* PROBLEM REQUIREMENTS
Your answer should hold exactly the lines below from the line with "Bague Atlas Wide" through the line with "Διαμέρισμα Canes", both included, and no pictures at all.

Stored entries
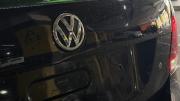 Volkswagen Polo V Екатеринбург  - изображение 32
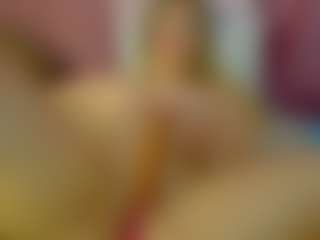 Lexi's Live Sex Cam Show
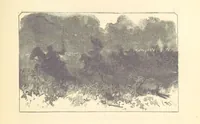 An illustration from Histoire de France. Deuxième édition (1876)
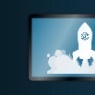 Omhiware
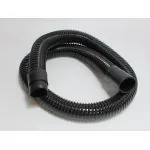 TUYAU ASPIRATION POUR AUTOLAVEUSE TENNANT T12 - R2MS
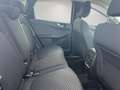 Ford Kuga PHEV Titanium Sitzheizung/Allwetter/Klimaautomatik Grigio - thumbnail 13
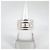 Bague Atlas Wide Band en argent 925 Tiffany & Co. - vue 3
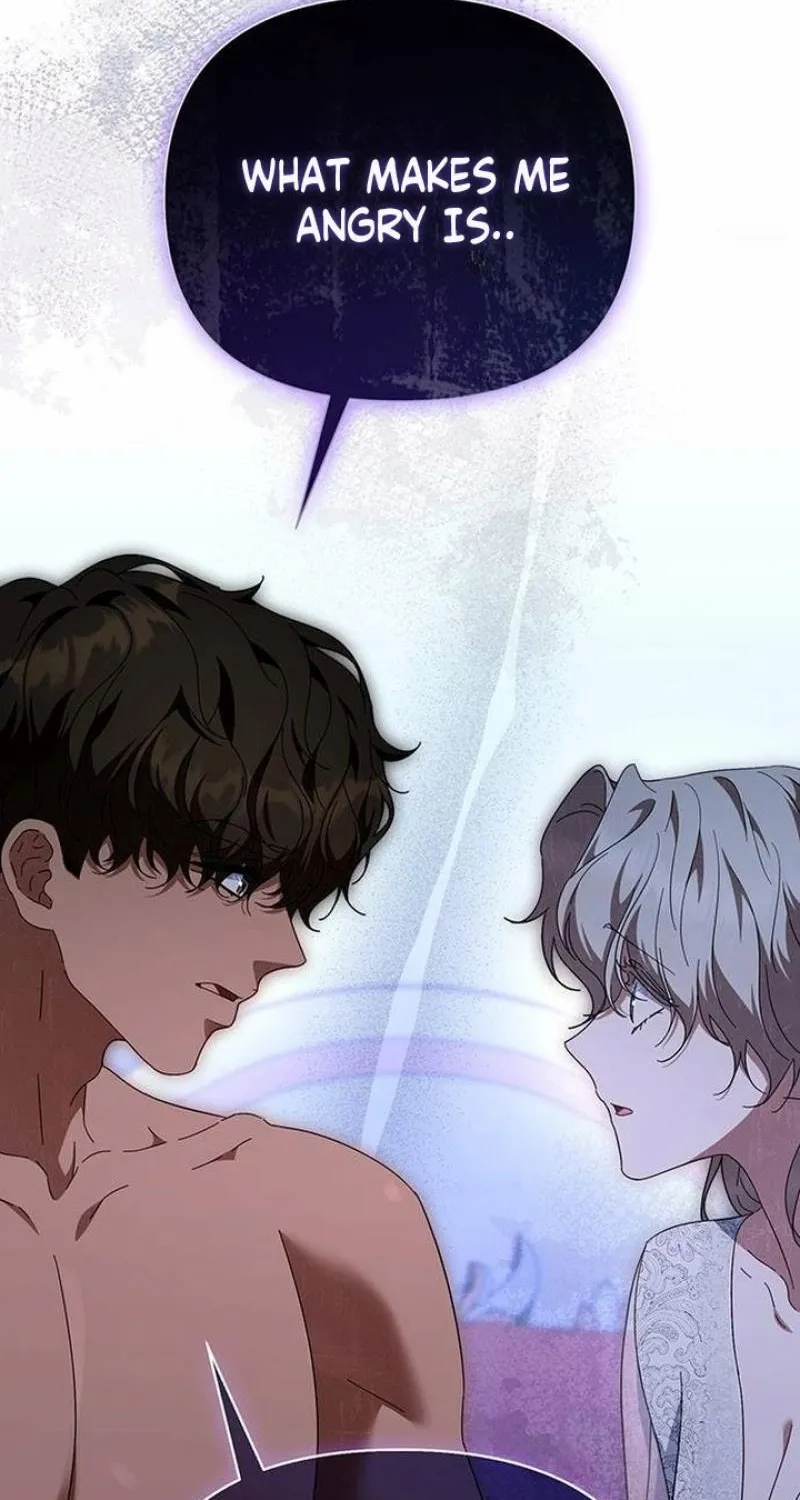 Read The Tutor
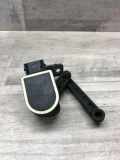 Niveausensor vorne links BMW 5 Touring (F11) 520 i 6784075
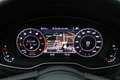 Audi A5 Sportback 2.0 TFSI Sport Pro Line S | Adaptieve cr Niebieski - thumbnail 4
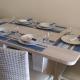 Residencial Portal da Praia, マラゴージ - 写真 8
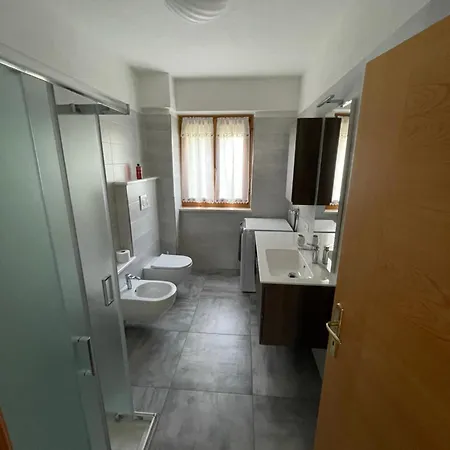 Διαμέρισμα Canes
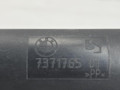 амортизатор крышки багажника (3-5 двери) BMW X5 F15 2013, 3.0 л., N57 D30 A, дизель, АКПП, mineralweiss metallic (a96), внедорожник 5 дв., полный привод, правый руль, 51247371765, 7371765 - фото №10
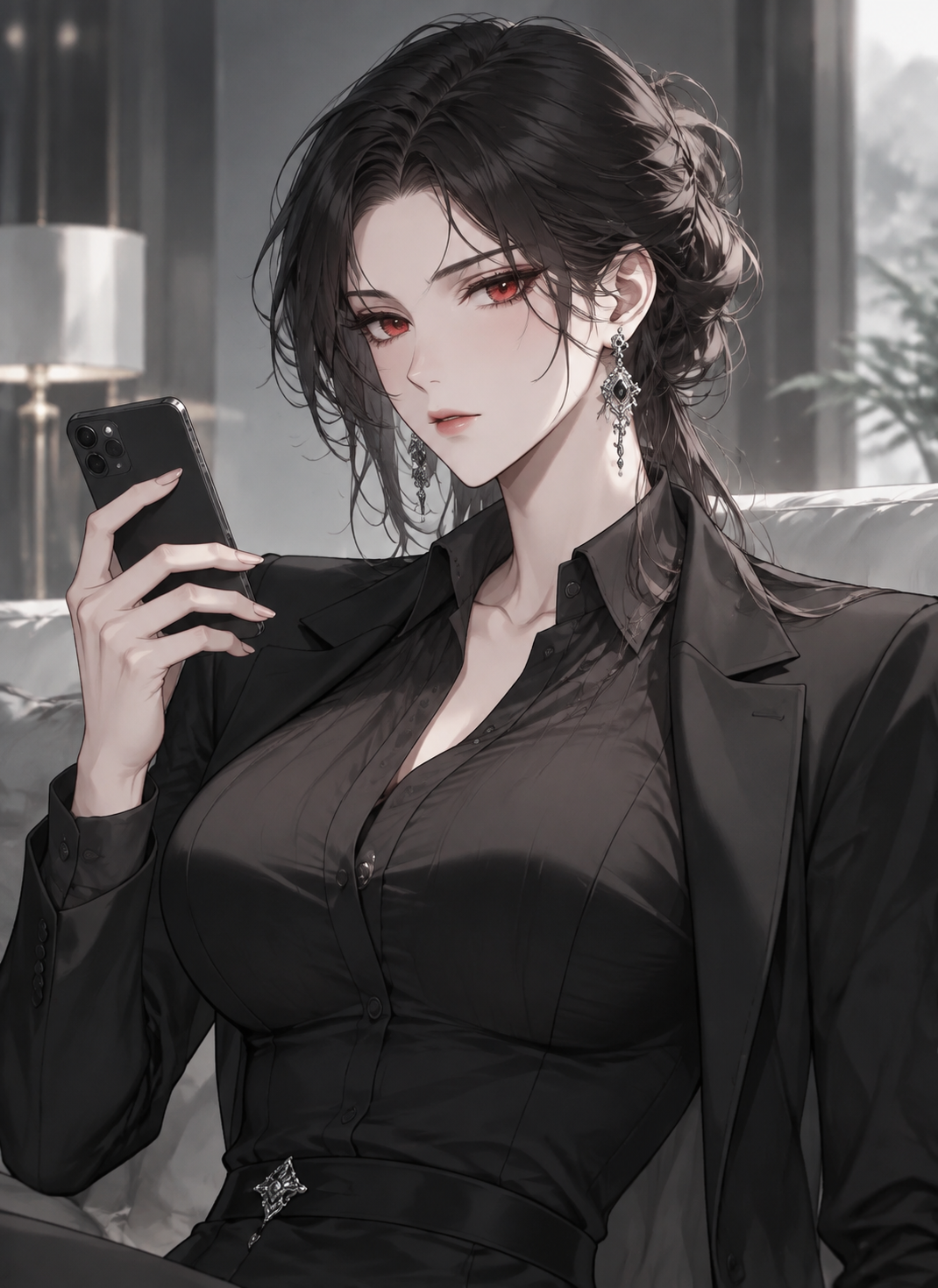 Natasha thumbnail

* RESULT OF THIS TASK
 Bague Atlas Wide Band en argent 925 Tiffany & Co. - vue 3
 Read The Tutor
 Niveausensor vorne links BMW 5 Touring (F11) 520 i 6784075
 Audi A5 Sportback 2.0 TFSI Sport Pro Line S | Adaptieve cr Niebieski - thumbnail 4
 Residencial Portal da Praia, マラゴージ - 写真 8
 Διαμέρισμα Canes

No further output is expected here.